Em 1917, vinte anos após a importação do cinema, três artistas começaram simultaneamente a realizar filmes de animação no Japão. O cartunista e caricaturista Oten Shimokawa foi procurado pelo estúdio Tenkatsu para fazer filmes de animação no estilo de Cohl. Junichi Kouchi, outro cartunista de jornais diários, foi solicitado pelo estúdio Kobayashi Shokai para trabalhar em algumas animações. Seitaro Kitayama, estudioso e editor de pinturas ocidentais, estimulou a produtora Nikkatsu, o primeiro grande estúdio japonês, a financiar seus curtas de animação para públicos jovens. Kitayama criou seu próprio estúdio em 1921 e fez filmes de animação promocionais encomendados por uma agência do governo, enquanto Kouchi trabalhou em uma série de animações de propaganda para a prefeitura de Tóquio em seu próprio estúdio.

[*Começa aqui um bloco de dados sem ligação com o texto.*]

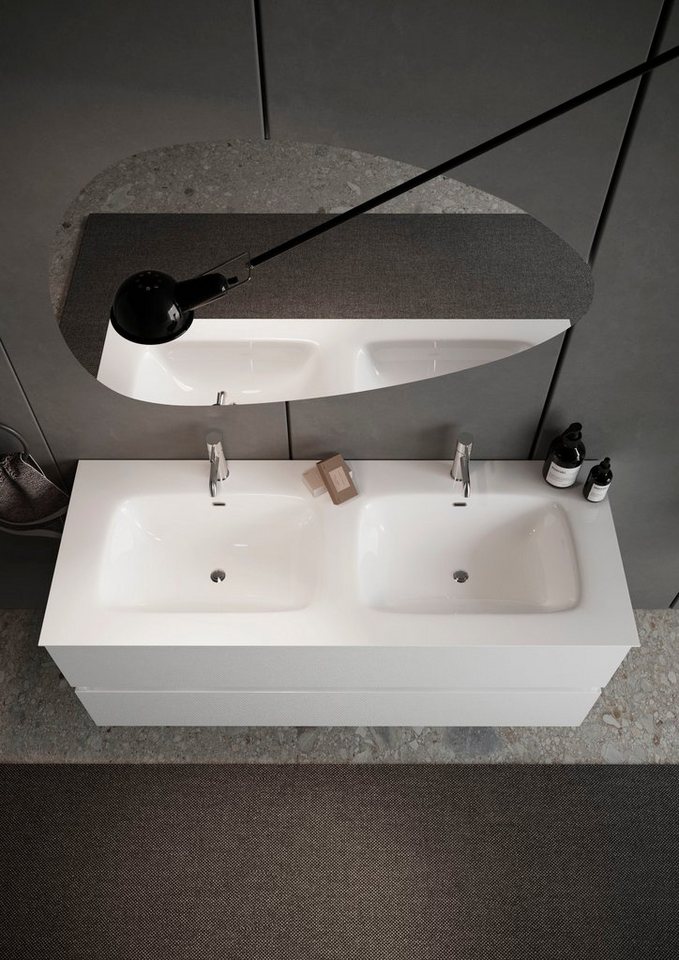 welltime Badspiegel Stone, asymmetrisch, Breite 101 cm, Höhe 67 cm, mit LED Beleuchtung Bild 3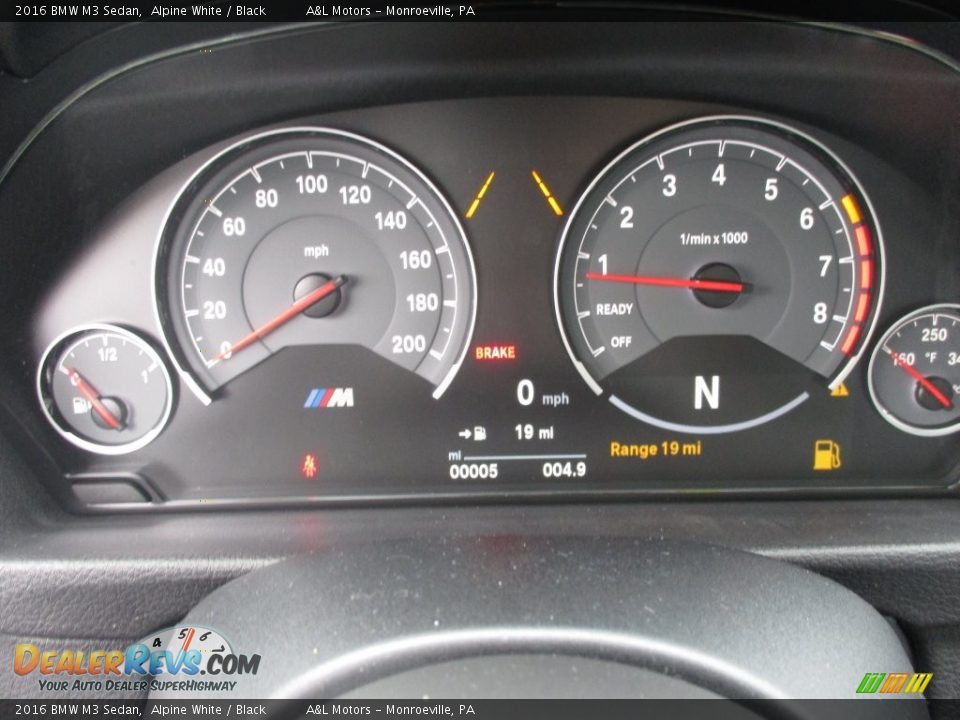 2016 BMW M3 Sedan Alpine White / Black Photo #20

Na trilha desses pioneiros, jovens artistas talentosos entraram no campo da realização cinematográfica de animações no final da década de 1920 e início da seguinte. Sanae Yamamoto fez muitos trabalhos encomendados pelo Ministério da Educação; Yasuji Murata, um prolífico realizador de animações, trabalhou para o estúdio Yokohama Cinema, uma das mais antigas produtoras de filmes educativos; Mitsuyo Seo começou sua carreira de animador na Liga do Cinema Proletário, um grupo de artistas e professores universitários de esquerda, fundado em 1929, e trabalhou em uma série de animações de personagens em seu próprio estúdio. Mesmo Kon Ichikawa, o grande realizador de Nobi/Fogo na planície (1959) e Yukinojo henje/Por ordem do destino (1963), começou sua carreira como animador no estúdio J.O., em meados dos anos 1930. Usando bitolas de pequeno formato, como o Cine Kodak 16mm e o Pathé Baby 9,5mm, realizadores amadores do período também se interessaram por animação tanto dentro do contexto do movimento marxista quanto em produções domésticas.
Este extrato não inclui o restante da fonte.